Debbie Levitt

voice actor, singer, producer

Regional Accents For Audiobooks

Posted on Sep 17, 2016 in Opinions

Romance novels, self help books, and other stories. Authors and publishers want narrators who can bring the book to life, tell stories, and sound compelling.

Self help books are typically looking for specific emotions. Motivation. Positivity. Calm. Happiness. Reassurance. Comfort. Compassion.

So when should an audiobook have a regional accent?

I was auditioning for some self help audiobooks and some authors wanted a New York accent. This appeared to be because the authors had New York accents; their bios mention growing up or living for a long time in Brooklyn, Queens, or Long Island.

Another author was considering a Mid-West accent for her 10-hour self help book because she had a bit of a Chicago accent.

If you are from the south and you feel a southern accent is important to the telling of your story, then perhaps you look for someone with a southern accent. If your commercial will air in Chicago, then perhaps you want a voice talent that is or can sound like Chicago residents. Or perhaps your novel has characters with regional accents and you want your narrator to include that.
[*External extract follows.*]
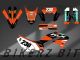 Complete 3M™ Decal Sticker Kit - 230 PROTAPER (Orange) for Kawasaki KLX230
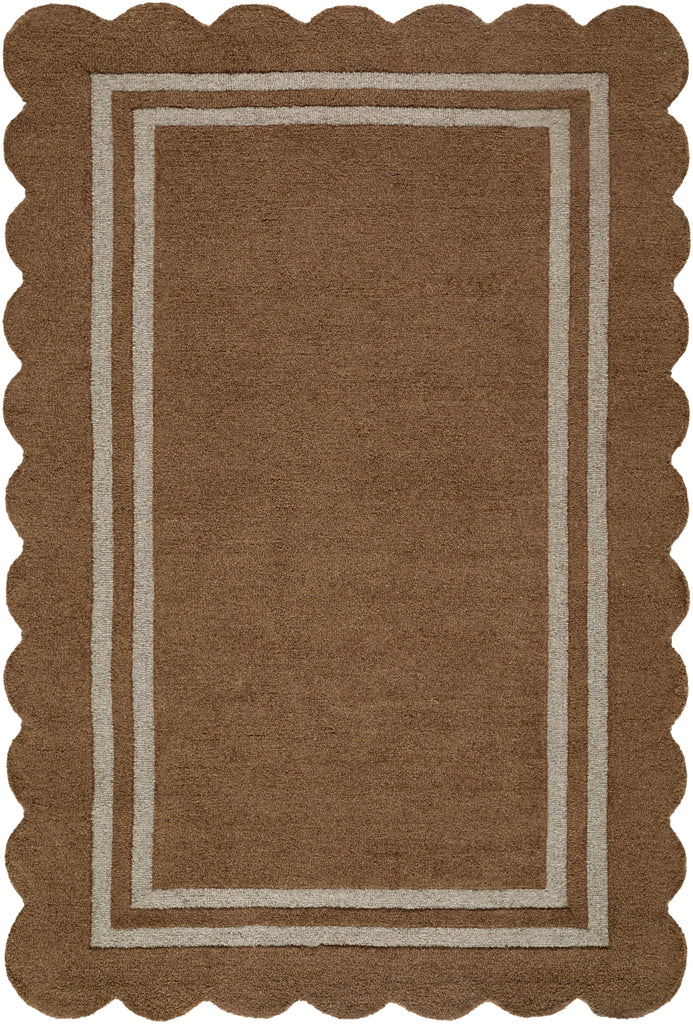 Livabliss Scalloped SCP-2301 Umber Area Rug Main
But what about a motivational self help book in a New York accent? Growing up in NY, I never thought of the NY accent as sounding motivational. New Yorkers with heavy accents don’t easily sound calm, comforting, or compassionate. In fact, if you watch commercials and TV shows carefully, many people with NY accents are normally cast as the tough or annoying person or anthropomorphic object.

Seeing a self help book up for audition that asked for a NY accent gave me an idea. What if I read two of the pages with a Nassau County, Long Island accent and then read the same two pages in my “unaccented” narration voice? I wonder if the author will like one or either of those.

A regional accent can be distracting.

I also played some of it for my day job co-workers. The ones who heard the audition in the NY accent cracked up laughing. They thought it was hilarious. I asked if they caught anything I was saying or any points the book was making. No, but listening to this is SO funny. One whose mother is from NY said, “I feel like my mother is telling me what to do!” She didn’t sound happy about that.

I am not sure the author was going for funny. If I’m that author, I would want everybody to get the points of my book and take them to heart. Make life changes. Not laugh at the material.

When I played the unaccented audition for the same people, they felt it sounded OK but not funny at all. I said it’s not meant to be funny; this is a serious self-help book. They said they would rather fear the book in what to them was a funny accent.

So I sent the dual audition to the author without telling her any of this. I suggested that a NY accent might be distracting to non-New Yorkers… and that an 8-hour audiobook might be a lot of New Yawk! As of writing this, I have not heard back.

My suggestion to authors of publishers is that a regional accent should be used sparingly. It can be distracting to people who do not have that accent or hold that accent in low regard. I am not sure I would want to hear an 8-hour, general, self-help audiobook in a heavy Boston accent or heavy Atlanta accent. Not because those accents don’t have their charm. But because it might be a distraction rather than an enhancement.

Go for enhancements.

Stay away from choices that could be distracting to the listener. And remember that the narrator does not have to have your accent unless you feel that your accent will bring something to your story that another accent (or no accent) would sadly miss.

books looking for NY accented narrators

Currently 29 books on ACX looking for NY accented narrators. Even though I grew up on Long Island, it’s hard for me to imagine hours of listening to Rhoda reading a romance novel.